Дождь временно прекратился, и я пошел смотреть на Байкал, про существование которого уже забыл, будучи увлеченный предстартовой суетой и новыми хорошими людьми.
Листвянка задумана очень неуютно. Вдоль Ангары растянулась широкая по здешним меркам набережная, которая была предназначена только для удобства машин. По набережной совершенно не хотелось гулять, по ней можно было только следовать из пункта А в пункт Б.
Иду по набережной навстречу ветру и навстречу Байкалу. Поселочек закончился, и я попал на местную судоверфь. Признаков действующего производства видно не было. На стапелях ржавели корпуса яхт класса "Гидра".
Во времена начала перестройки местные энтузиасты организовали здесь строительство яхт. Построив одну, сели на нее и поплыли вокруг света. Не дотерпев до конца, мореплаватели высадились в США, поселились там насовсем и обзавелись новыми женами. Прямо как история с "Баунти".

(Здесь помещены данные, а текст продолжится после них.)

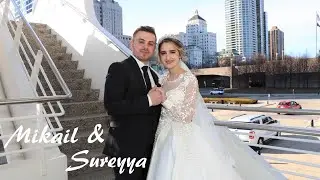 Mikail & Sureyya | Wedding Video | ibovideous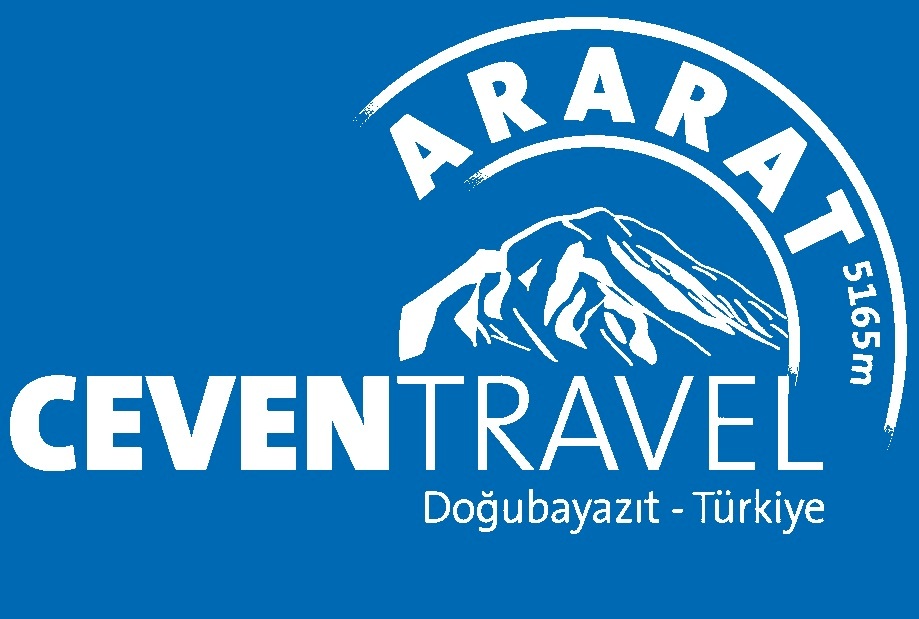 Ararat Besteigung - CEVEN TRAVEL TÜRKEI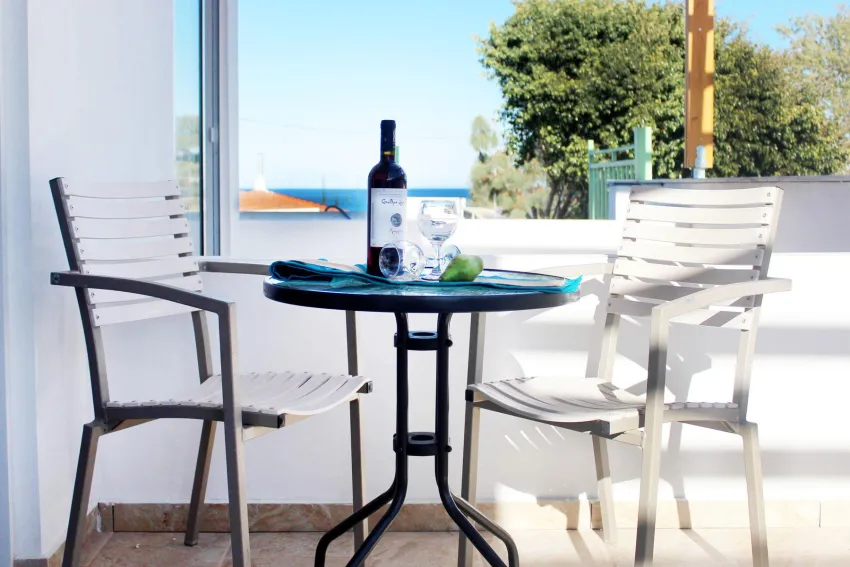 Bivalvia Beach Plus 3*-3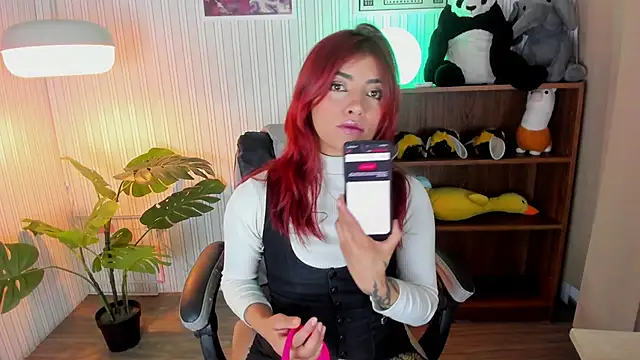 Mystic blue online show from December 2025 04:19:01 AM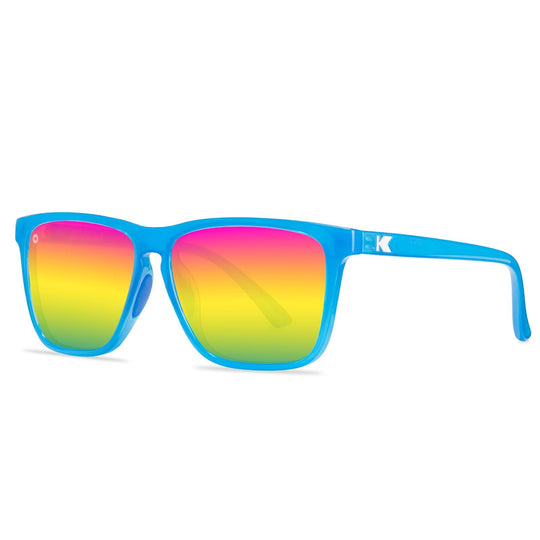 Rainbow Blues Fast Lanes Sport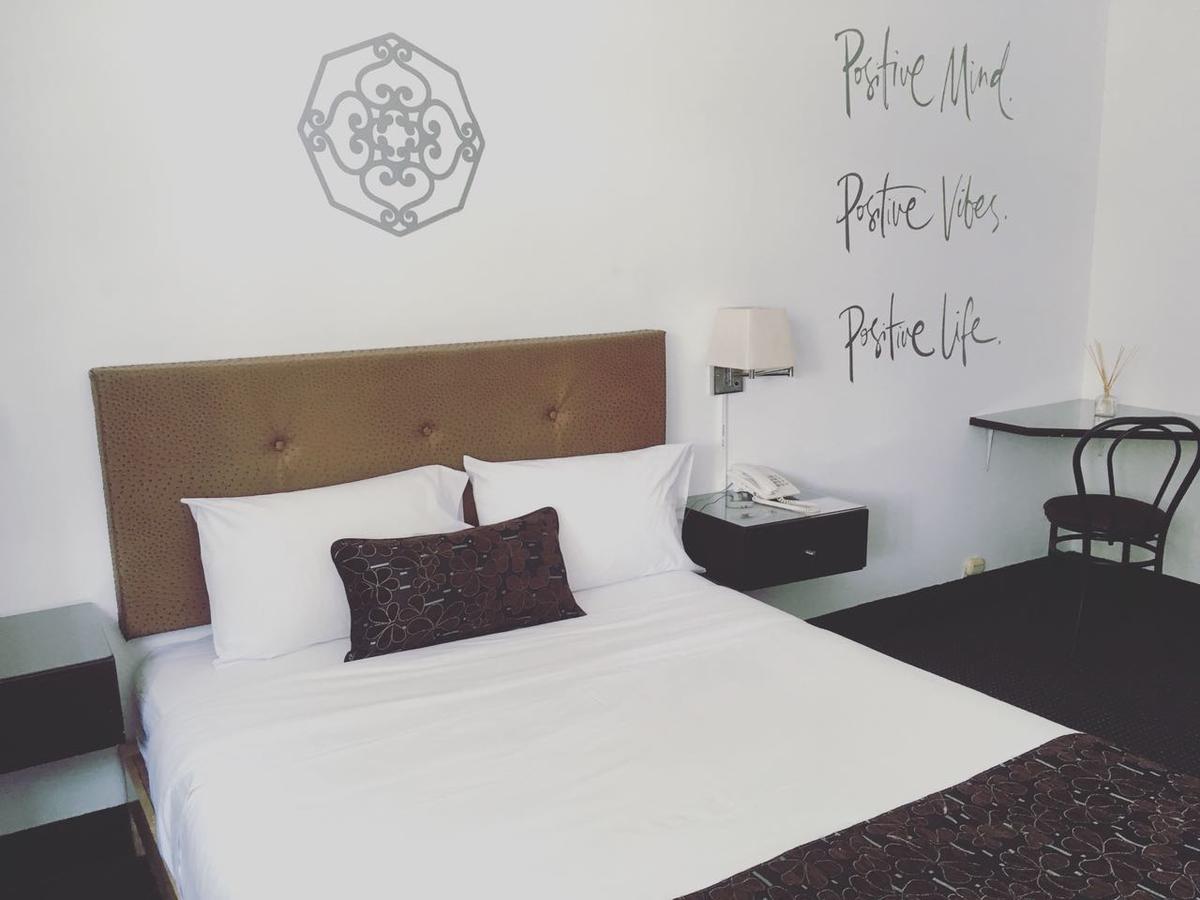 Hotel Basadre Suites ليما المظهر الخارجي الصورة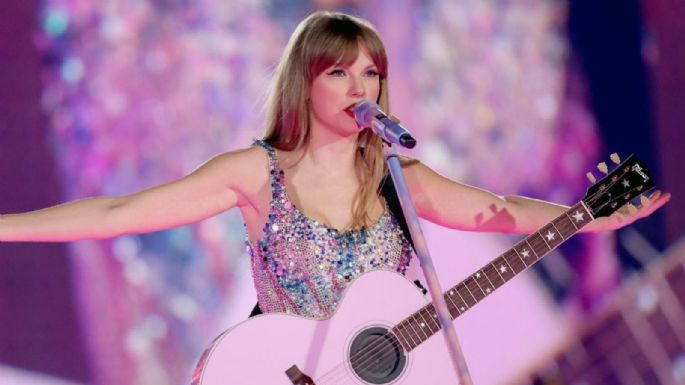 Cómo será el primer show de Taylor Swift en Argentina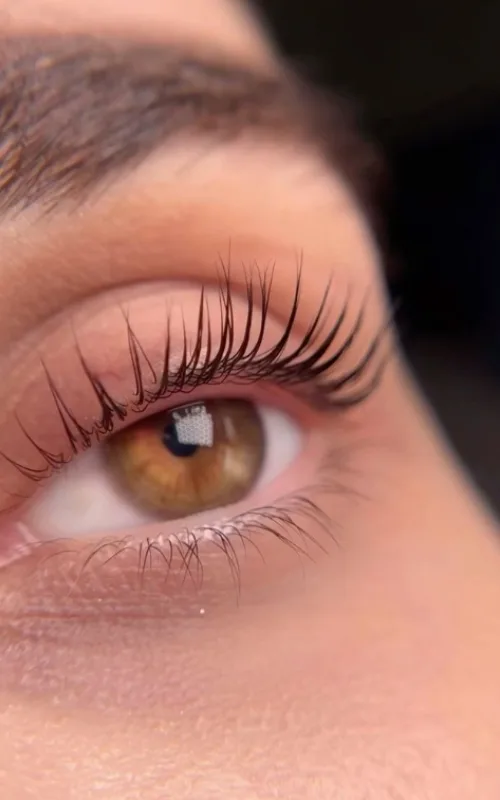 cara meminimalisir risiko lash lift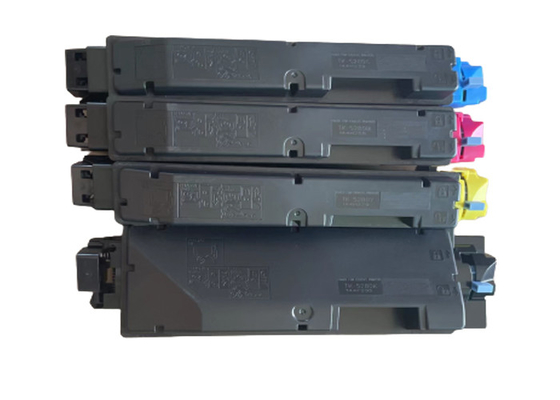 Compatible Color Toner Cartridge Kyocera TK5270 CMYK Multipack For P6230CDN P6630CIDN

Без энтузиастов верфь осиротела, и на ней сейчас могут по привычке сделать только сварной железный корпус яхты. Судя по слою ржавчины на готовом корпусе, хозяина ему не находилось давно. Недоделанная яхта грустила о штормах и дальних странах без особой надежды на лучшую жизнь. Захотелось пожалеть ее и купить, чтобы отправиться в дальние страны искать счастья по чужим морям и океанам. Но я небогат и поэтому просто молча постоял около, а потом отправился дальше.
Я не знал, где остановиться первый раз, чтобы поглядеть именно на Байкал, а не на Ангару. Листвянка, по большому счету, находится на берегу Ангары, и только своей восточной оконечностью подступает к самому морю. Когда же именно мне надо было остановиться, замереть, открыть рот и преисполниться радостью от первой встречи с Байкалом, неизвестно. Все-таки решил дойти до мыса и уже там открыть рот, удивиться и задуматься о чем-нибудь хорошем.